Use an Action Support tray for temporary files

When I worked in a paper-based office, I kept two trays above my desk: one for incoming paperwork that had to be processed (“In”), and another for papers and folders I would’ve otherwise filed and retrieved from the file drawer several times throughout the day (“Action Support”).

An action support tray holds two types of folders: a single folder labeled “Action Support,” and one or more folders dedicated to projects under way that day. You can also use it for folders containing stock forms you use on a daily basis, like invoices.

Suppose that one of your projects that day is configuring your new Blackberry (for work, of course), so you take the folder with the manual out of the file cabinet and stick it in the action support tray. So when you’re reading the manual, and the phone suddenly interrupts your reading, you toss the manual back in the folder and toss the folder back in the action support tray.

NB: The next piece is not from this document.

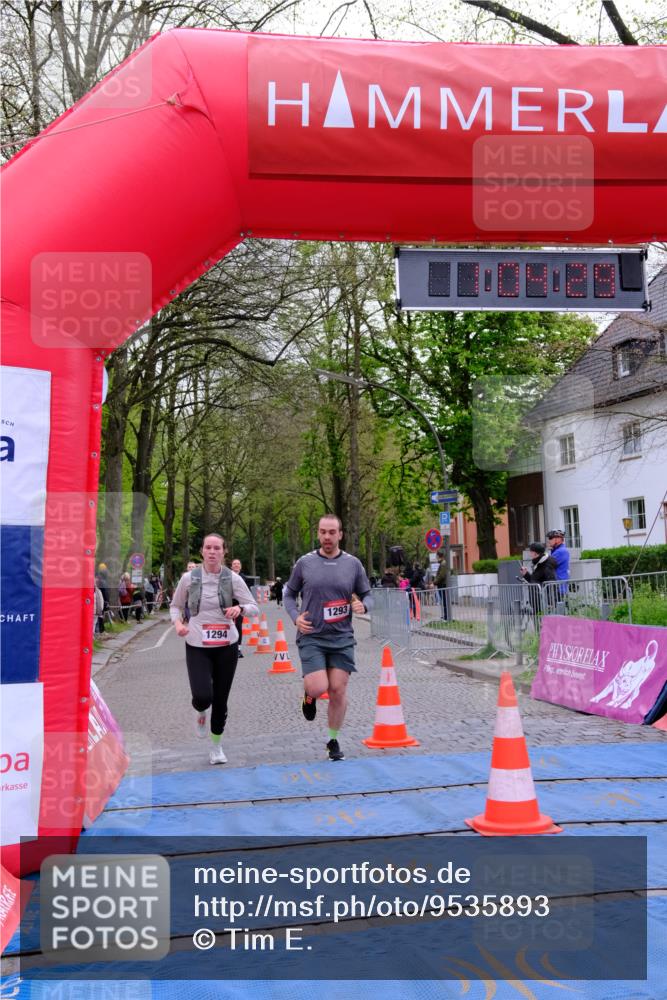 19.04.2026 - Hammer Lauf Tim E. http://msf.ph/oto/9535893 19.04.2026 10:49:37 Ziel 301, 441, 1293, 1294 meine-sportfotos.de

Why put the manual back in the folder instead of just throwing it directly in the tray? Well, that’s why I mentioned adding a second label to your folders at the bottom edge. If you put the folders in the tray so that their bottom edge are facing you — i.e. tabs facing inward — you’ll be able to sort through everything that’s in the tray in a single glance. You’ll be able to look in the tray and see, say, half a dozen labels instead of having to thumb through a bunch of papers to find what you’re looking for.

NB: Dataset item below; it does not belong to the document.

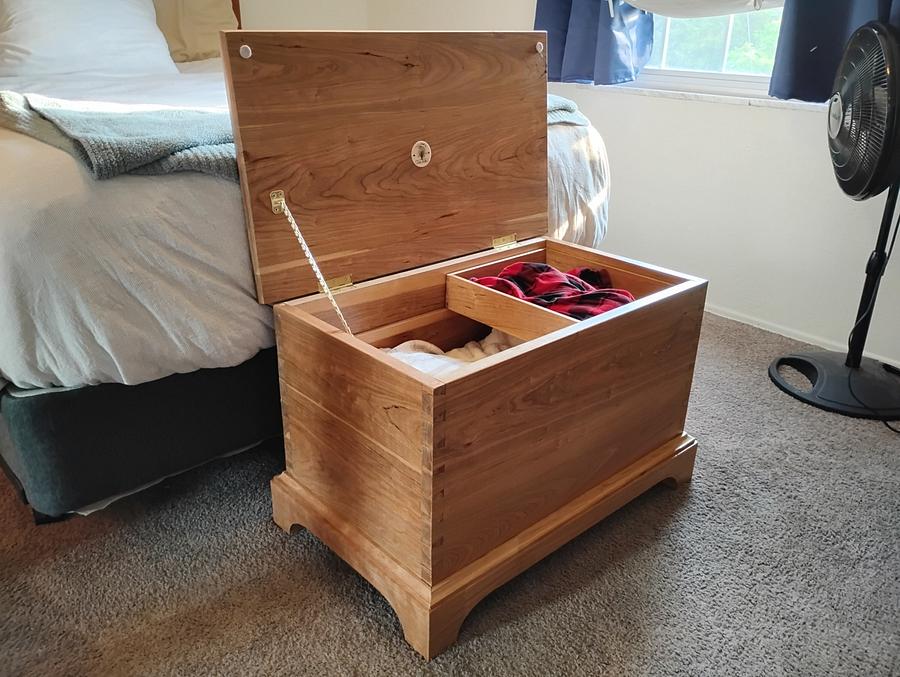 Blanket chest with sliding drawer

The Action Support folder is for holding individual, assorted documents you’re going to handle that aren’t worth filing long-term, or will file once you take the next action on them later that day.

That seems to contradict an earlier statement about filing everything, that referred to things you’re going to keep for more than a day. If you’re going to call Fred next week, but don’t need to keep his contact information in your cell phone after that, it’s often faster to just throw his business card in a folder, then throw the folder away when you’re done with it. But if you’re going to call him later that day, don’t bother creating a new folder; just throw the card in Action Support. There’s no hard and fast rule for whether something should go in Action Support instead of it’s own file, but you’ll learn to make the judgement call soon enough.

Prune Your File Cabinet

A library is more useful than warehouse with a random pile of books because you can actually find things when you need them. But a library full of books no one reads isn’t useful at all. Organizing the clutter on your desk into a file cabinet doesn’t eliminate clutter; it shifts it.

To streamline your file retrieval, make it a point to ruthlessly eliminate obsolete files. You can either schedule full sessions where you review your files from A to Z and systematically prune them in one fell swoop, or you can use ad hoc windows of time where you get rid of a few at a time — for instance, when you’re on hold on the phone for a few minutes, or when you’d rather avoid wasting time in meetings.